### [Exercise details]
All of the data that follows is to be written out exactly, with images excluded.

### [Supplied material]
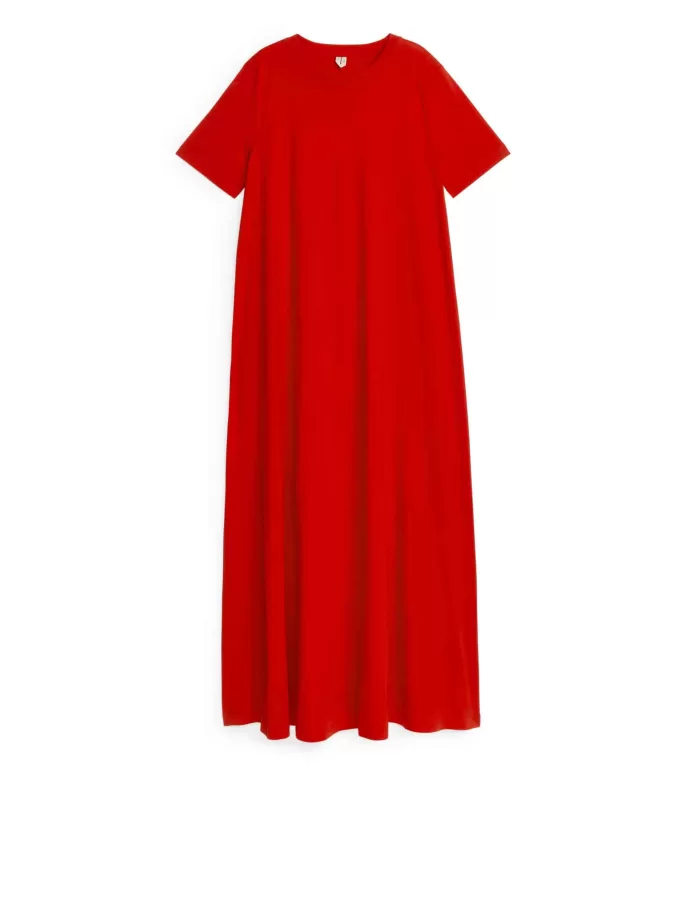 Relaxed T-Shirt Dress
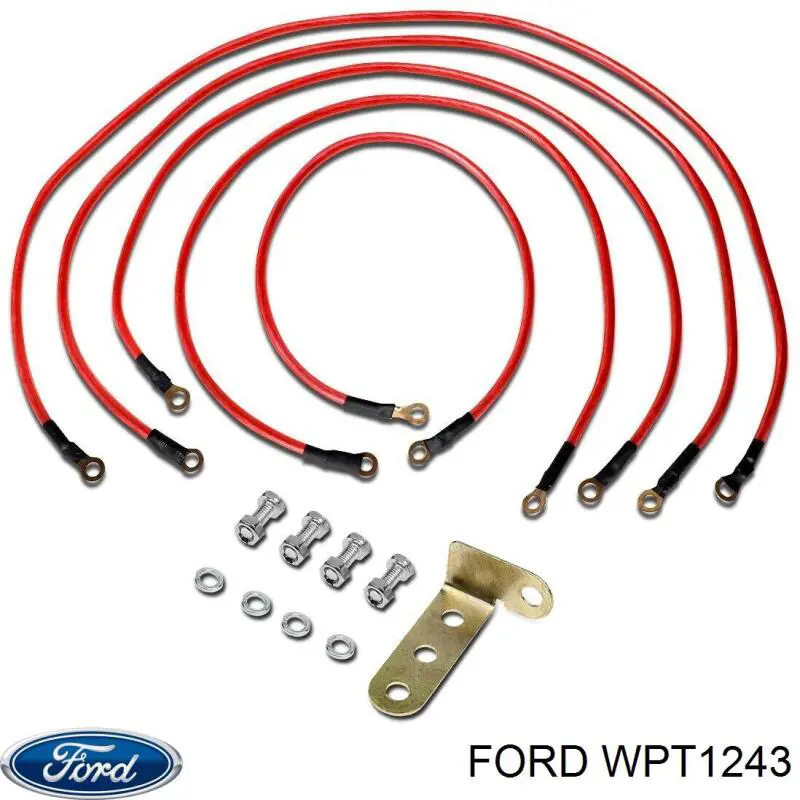  3U2Z14S411RPC Ford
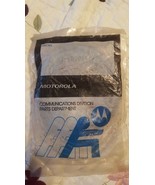 Motorola Communications Division Parts Division Part. No 1-80705A79 - €6,70 EUR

### [Expected answer]
 Relaxed T-Shirt Dress
  3U2Z14S411RPC Ford
 Motorola Communications Division Parts Division Part. No 1-80705A79 - €6,70 EUR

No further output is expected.